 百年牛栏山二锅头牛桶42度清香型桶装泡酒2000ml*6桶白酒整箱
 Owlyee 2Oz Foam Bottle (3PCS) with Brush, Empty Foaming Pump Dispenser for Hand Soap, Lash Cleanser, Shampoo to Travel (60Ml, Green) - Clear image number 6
==
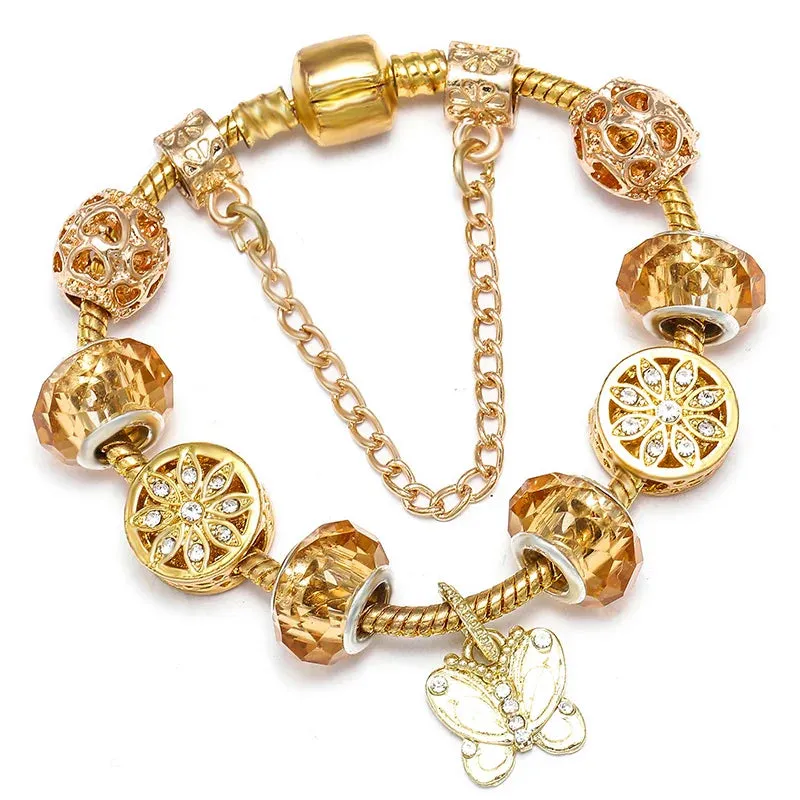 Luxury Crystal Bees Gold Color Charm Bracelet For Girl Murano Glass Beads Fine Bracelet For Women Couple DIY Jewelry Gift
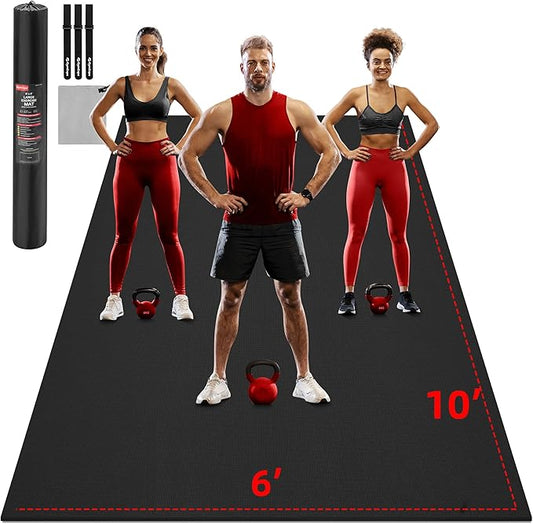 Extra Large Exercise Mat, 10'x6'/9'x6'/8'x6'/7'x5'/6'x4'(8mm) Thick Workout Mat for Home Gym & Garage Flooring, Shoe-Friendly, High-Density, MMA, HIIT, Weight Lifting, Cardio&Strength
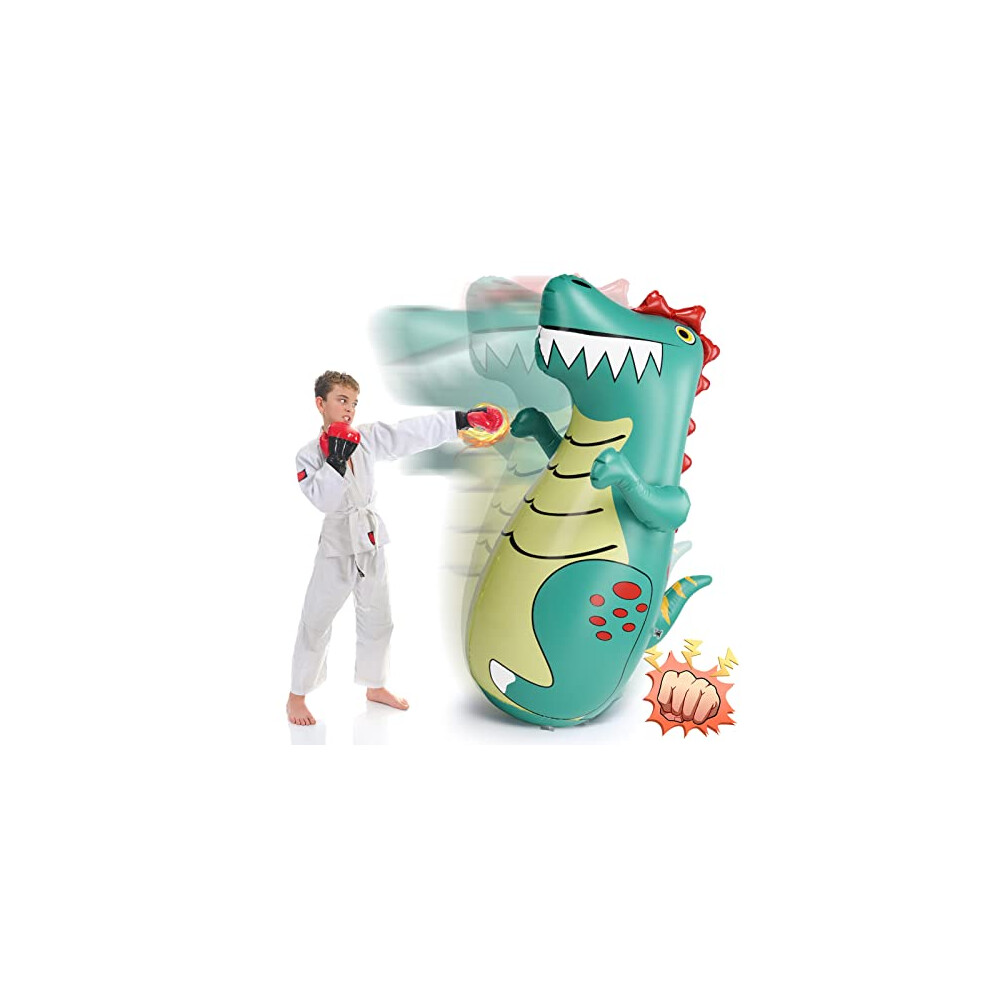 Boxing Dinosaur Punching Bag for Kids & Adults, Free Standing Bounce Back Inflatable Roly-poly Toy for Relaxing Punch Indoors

- Instructions for the task
Take the lines above from the one containing "百年牛栏山二锅头牛桶42度清香型桶装泡酒2000ml*6桶白酒整箱" to the one containing "Owlyee 2Oz Foam" and retype them exactly, both ends included, with nothing added.

- Written solution
 百年牛栏山二锅头牛桶42度清香型桶装泡酒2000ml*6桶白酒整箱
 Owlyee 2Oz Foam Bottle (3PCS) with Brush, Empty Foaming Pump Dispenser for Hand Soap, Lash Cleanser, Shampoo to Travel (60Ml, Green) - Clear image number 6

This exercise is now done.